- **The task**
Across these entries, work out how many lines carry the string "your", and give only that number.

- **Records to process**
===
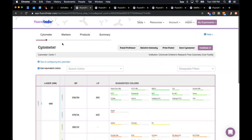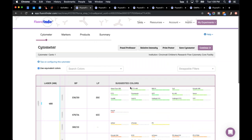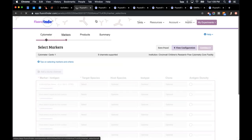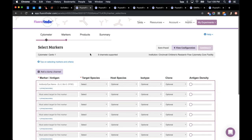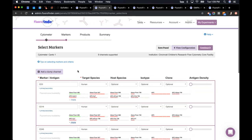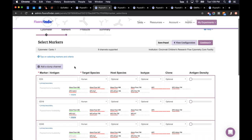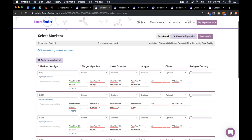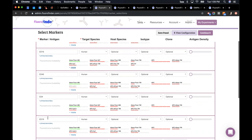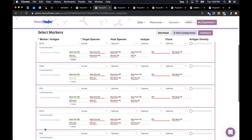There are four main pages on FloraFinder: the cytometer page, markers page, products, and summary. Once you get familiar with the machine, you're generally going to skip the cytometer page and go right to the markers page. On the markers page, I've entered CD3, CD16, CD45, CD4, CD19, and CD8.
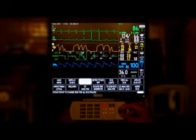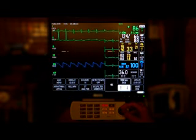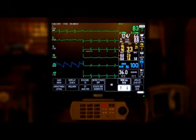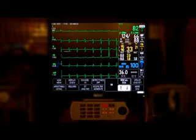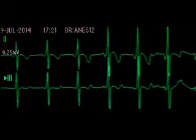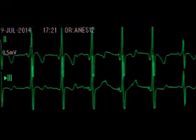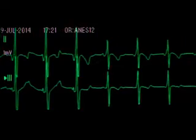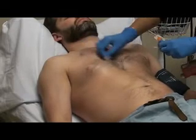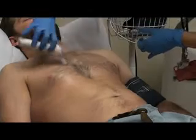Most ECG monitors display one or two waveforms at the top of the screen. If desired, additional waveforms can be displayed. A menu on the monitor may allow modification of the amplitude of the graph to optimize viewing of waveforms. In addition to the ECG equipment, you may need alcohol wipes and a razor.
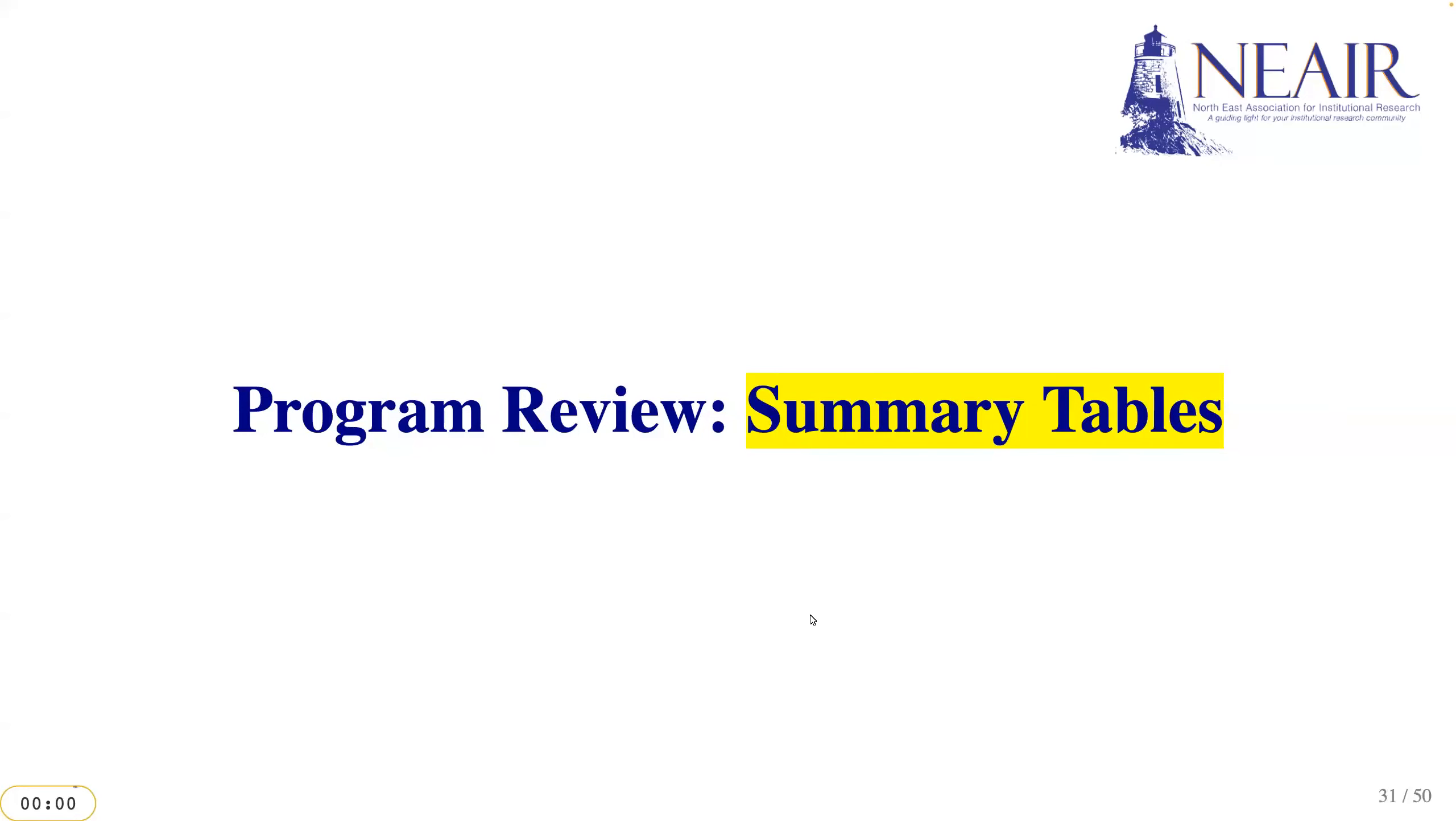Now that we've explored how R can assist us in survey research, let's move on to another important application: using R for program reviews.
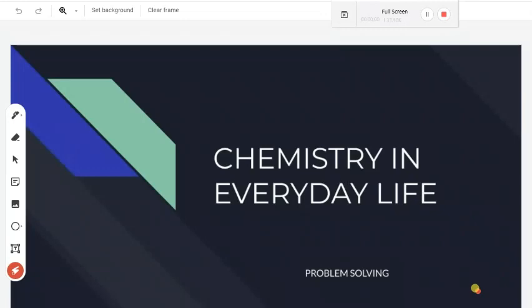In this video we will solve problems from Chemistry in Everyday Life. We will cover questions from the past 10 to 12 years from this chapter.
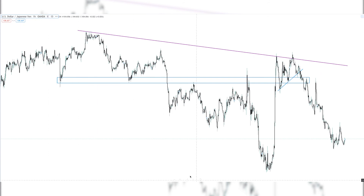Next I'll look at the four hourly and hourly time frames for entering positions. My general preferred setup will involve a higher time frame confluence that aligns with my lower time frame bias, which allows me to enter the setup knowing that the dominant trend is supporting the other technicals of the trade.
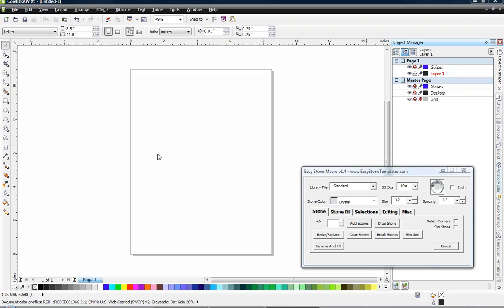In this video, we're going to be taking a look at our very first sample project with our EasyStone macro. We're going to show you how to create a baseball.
===
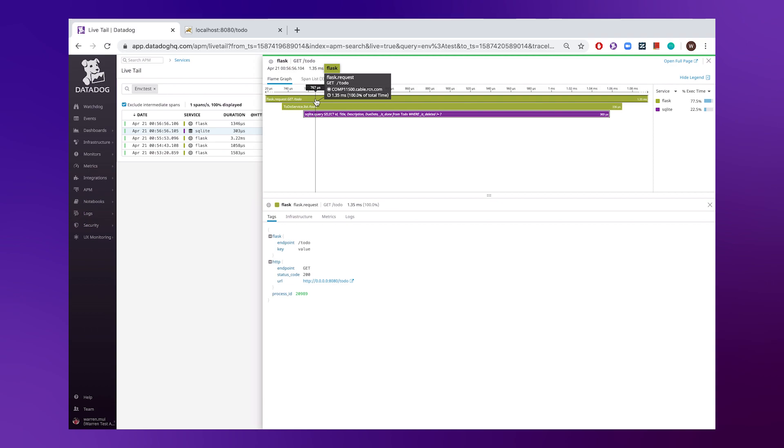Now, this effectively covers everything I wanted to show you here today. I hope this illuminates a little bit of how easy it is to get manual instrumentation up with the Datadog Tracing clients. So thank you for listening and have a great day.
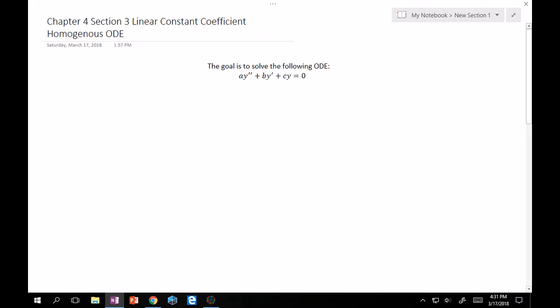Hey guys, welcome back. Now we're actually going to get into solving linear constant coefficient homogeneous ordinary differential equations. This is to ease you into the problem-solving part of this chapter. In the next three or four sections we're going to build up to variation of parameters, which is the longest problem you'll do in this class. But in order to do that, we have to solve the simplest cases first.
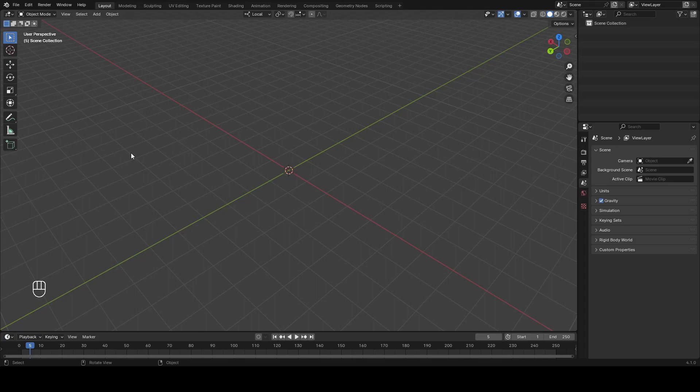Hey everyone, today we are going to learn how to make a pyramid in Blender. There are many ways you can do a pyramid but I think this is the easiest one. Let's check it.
===
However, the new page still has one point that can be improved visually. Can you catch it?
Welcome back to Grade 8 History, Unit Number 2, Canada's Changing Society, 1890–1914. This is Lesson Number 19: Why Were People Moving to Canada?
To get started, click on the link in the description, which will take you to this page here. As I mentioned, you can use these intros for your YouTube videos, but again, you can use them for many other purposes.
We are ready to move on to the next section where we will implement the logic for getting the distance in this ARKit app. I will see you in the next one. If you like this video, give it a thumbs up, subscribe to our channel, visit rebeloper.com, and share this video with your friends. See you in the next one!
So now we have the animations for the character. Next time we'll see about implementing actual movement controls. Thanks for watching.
===
- **Task solution**
2